The Lifeboat Problem

Lifeboat2smallImagine a life boat and 20 kids in the water. You are the teacher in the lifeboat trying to save the kids in the water. You know that 6 of the kids can swim and 8 of them can't. You jump in the water and start pulling kids to the lifeboat. Which kids do you save first? That is the choice kindergarten teachers in high-poverty schools face. They want to save all of them but, because of the dire circumstances, you have to decide on your priorities.

If I were teaching Kindergarten in a high-poverty school and had 6 students from Head Start who already knew many letters, who could get along with peers, and whose parents were supportive and participated in their child's education (a Head Start requirement) then I might focus all of my energies on the 8 kids in my class who didn't know any letters when they got to school, who were socially delayed, and whose parents were not supportive of their learning. It is a matter of priority. Just because a kid enters kindergarten ahead of their peers doesn't mean they have to leave ahead of their peers. The Head Start kids' instruction is sacrificed for the progress of the rest of the class.

The Head Start Impact Study final report released on January 13th found that there were few benefits by first grade from attending Head Start. This isn't really surprising to me. Many of the benefits of high-quality pre-k are "time release" benefits. They don't surface until they are necessary. The role of Head Start is to level the playing field and to me the report confirms this function, almost too well.

The study also had a finding that is very important to advocates of open access to preschool all over the country. The report states "60 percent of control group parents enrolled their children in some other type of preschool program in the first year." This suggests that access to preschool programs was a priority for most of the sample families. Parents want their children in center-based early childhood settings, whether they are Head Start or not. It is up to our states to make sure that these high-quality settings are accessible to all children who need them.

Garces, Thomas, & Currie have made the assertion that Head Start develops students overall human capital. Currie has also cited the myth of fade as an aspect of Head Start students being more likely to attend lower quality schools than those who do not. I have two suspicions that I believe will, in two years, contradict some of the recent criticism of Head Start brought on by this study.

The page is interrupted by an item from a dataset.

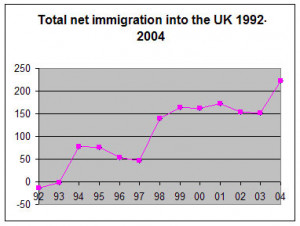 http://www.migrationwatchuk.org/imag...graph1_10a.jpg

By 3rd grade, the higher vocabulary scores of students with Head Start and pre-k experiences will affect the trajectory of reading ability and academic success as suggested by
Hart & Risley

The second point I believe will bear out is that students who were in the 3 year old program will be significantly less likely to be referred for special education services, a cost savings for federal, state and local education agencies that will outweigh the cost of providing the two years of Head Start.

My cards are on the table, lets see what happens.